冬歩が弱っているなんて馬鹿みたいだ。いつも通り厚顔不遜な態度で俺を見下していればいい。


『魚屋通いの猫』さんにはそうであってもらわないと困る。


「好き勝手いってくれたけど、瑪瑙が叶さんを味方したのが、私がフラれた原因ではなくて?」


ジト目で見てくる冬歩。


「俺が一因なのは事実だが、叶さんを選んだのは春樹だ。だから、俺は悪くない」


苦しすぎる言い訳なのはわかってる。それに、さっきまでの発言を台無しにする最悪の行為の自覚くらいはある。

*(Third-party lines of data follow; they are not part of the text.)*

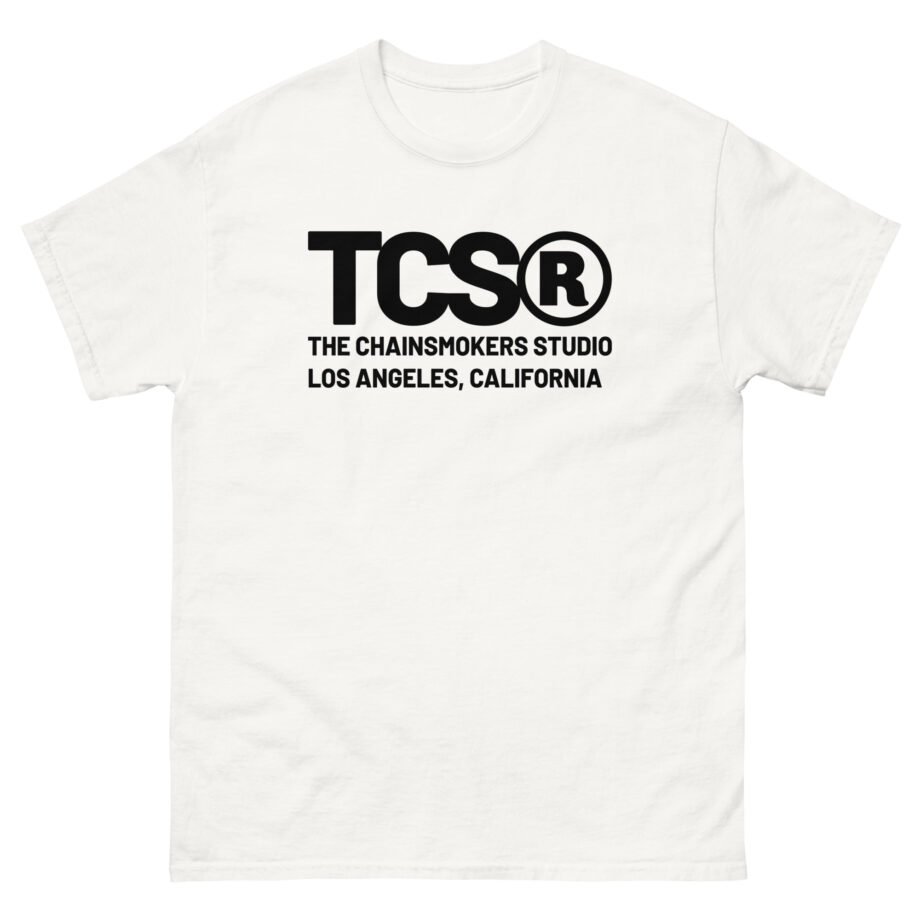 The Chainsmokers TCS Unisex classic tee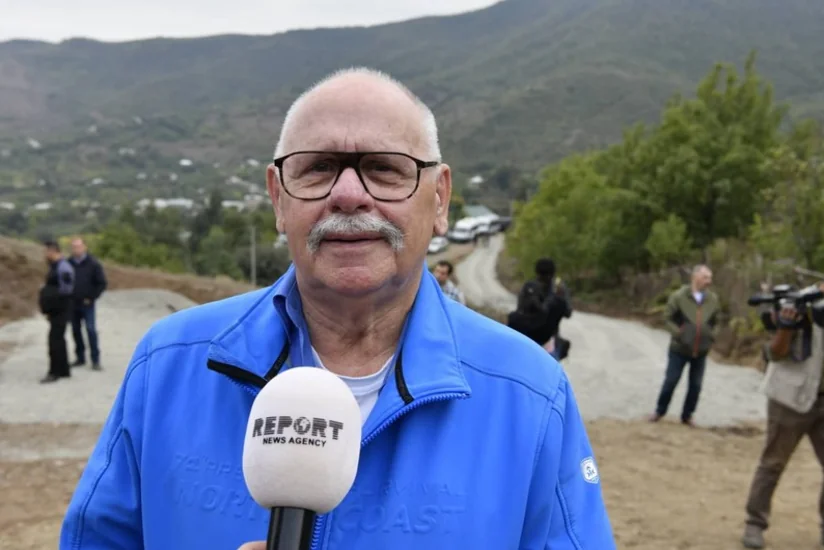 Dutch writer completing his book on Karabakh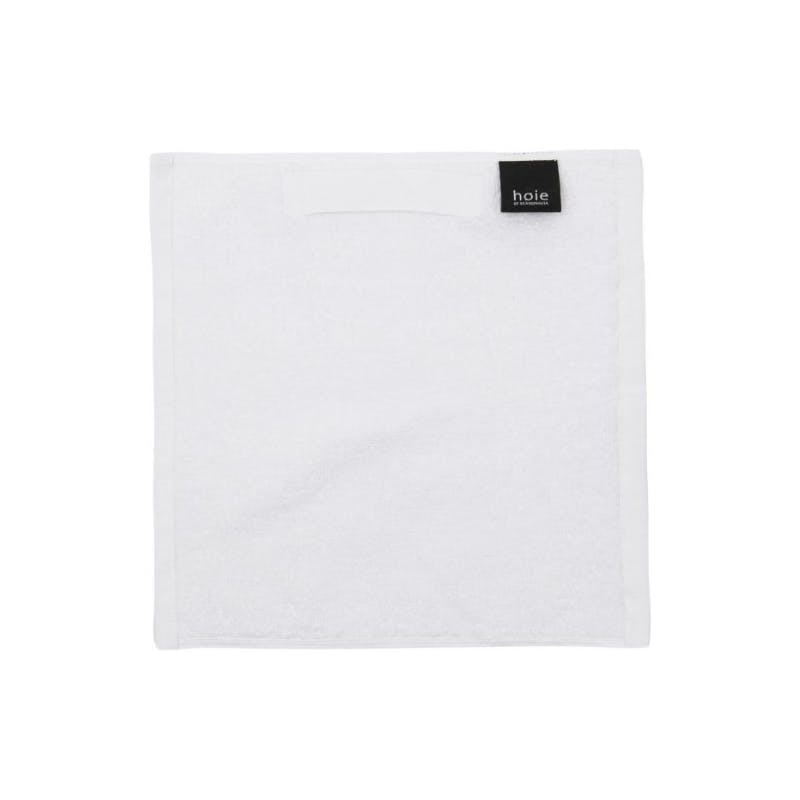 Høie Everyday Washcloth White 30x30 cm 1 stk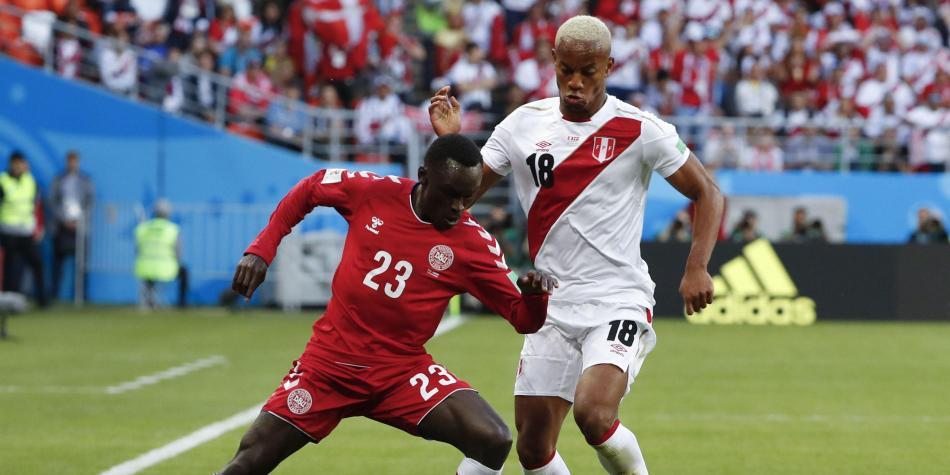 Peru Vs Dinamarca Resultado Del Partido Del Grupo C En El Mundial Rusia 2018 Mundial Rusia 2018 Futbolred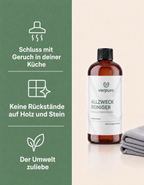 Küche & Bad Set – Allzweck- und Bad-Reiniger (2 × 500 ml)
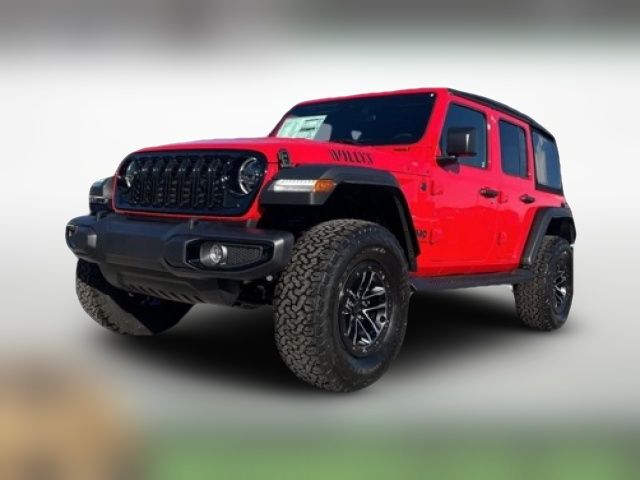 2024 Jeep Wrangler Willys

「そういうことにしておいてあげるわ。これは『貸し』よ?」


「待て待て。その『貸し』は今回の尾行で返したぞ」


少なくともそういう契約だったはずだ。


「誰がそんなことを言ったかしら。私が兄さんと結ばれるまで永続的に『貸し』続けるわ」


「嘘だろ……?」


契約書を読まなかったらこうなるのか。最悪だ。闇金よりも質が悪い。


「コホン、ところで」


「なんだよ……」


俺が未来に絶望しながら冬歩を見ると、せわしなく指を絡ませながら、顔を背けた。


「万が一よ?万が一、ずっとフラれ続けたら、どうすればいいかしら?」


「は?」


「仮よ仮。結婚適齢期を超えて、私がフラれてたら、瑪瑙はどうしてくれるのかしら?」


なんだその地獄。俺はそんな時まで冬歩に『借り』続けなければいけないのか……


「さっさと答えなさい」


「分かったって。俺は死ぬまで冬歩の味方だよ。まぁ、フラれた時は、憎まれ口くらいは聞いてやる」


「━━━」


春樹に冬歩のことを頼まれたし、何よりも『魚屋通いの猫』さんには返しきれないほど恩がある。それらを複合的に考えると、こういう答えになる。


……のだが、冬歩はお化けでもみたように呆けていた。そして━━━


「瑪瑙のそういうところ━━━本当に大嫌いよ」


「そうかい……」


それならいい。これで冬歩は大丈夫だ。


最後の笑顔に見惚れてしまったのは心にしまっておこう。